Fitting Memorials
Basra Memorial Digital Name Panels
As we continue our work to ensure everyone is commemorated equally by name, we’re honoured to introduce new digital name panels for all names commemorated on the Basra Memorial in Iraq, ensuring this important site of commemoration can be better understood and explored.

For over 100 years, the names of 33,000 Indian Army soldiers who died in the First World War have been missing from the Basra Memorial in Iraq.
Through these digital memorial panels, you can now see the names of Indian soldiers brought together for the first time and explore the names and stories of more than 46,000 Commonwealth service personnel commemorated by this memorial.
Dr George Hay, CWGC Official Historian, said: "The launch of these panels marks an important moment for the Commission and the commemoration of the Indian Army’s dead of the Mesopotamia Campaign. For the first time, the names of these men will be displayed as they should have been nearly a century ago, restoring to them the honour they deserve.
"This takes us a step closer to fully reversing this historical inequality while also helping people around the world engage with these casualties and their stories."
Explore the Digital Name Panels
Sierra Leone Freetown Memorial

The Sierra Leone Freetown Memorial photographed by Captain C E Cookson 11 March 1931.
We continue our tradition of working with architects of global renown and we currently have architectural projects underway in Sierra Leone, Kenya, and South Africa. These all use the latest thought on the evolving role of commemorative spaces, will consider sustainably sourced materials, as well as the contemporary understanding of the historical context of those who served and lost their lives, but were not commemorated at the time.

The Cape Town Labour Corps Memorial will honour more than 1 700 Black South Africans who served in the country’s military labour units across Africa during the First World War, and perished between 3 August 1914 and 14 August 1921 with no known grave.
These men were enlisted for non-combatant duties and made an essential contribution to the war effort in a range of auxiliary roles including stevedores, wagon drivers, railway builders and repairers – ultimately to supply and feed the front lines and keep armies in the field.

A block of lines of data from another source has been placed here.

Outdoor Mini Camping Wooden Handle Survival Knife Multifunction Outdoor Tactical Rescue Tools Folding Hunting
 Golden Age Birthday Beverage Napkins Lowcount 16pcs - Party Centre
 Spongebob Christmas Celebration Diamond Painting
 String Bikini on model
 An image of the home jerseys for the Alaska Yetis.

Many perished on the African continent or lost their lives at sea in the South Atlantic or Indian oceans.
The new Commonwealth War Graves Commission (CWGC) site of memory, located within the Delville Wood Memorial Garden in the Company’s Garden in Cape Town, is part of a restorative programme for occasions when the then Imperial War Graves Commission, or the colonial administrations with which it worked, chose not to treat some ethnic groups in the same way it treated Europeans - a disparity in treatment that affected more than 100,000 people from the African and Indian continents.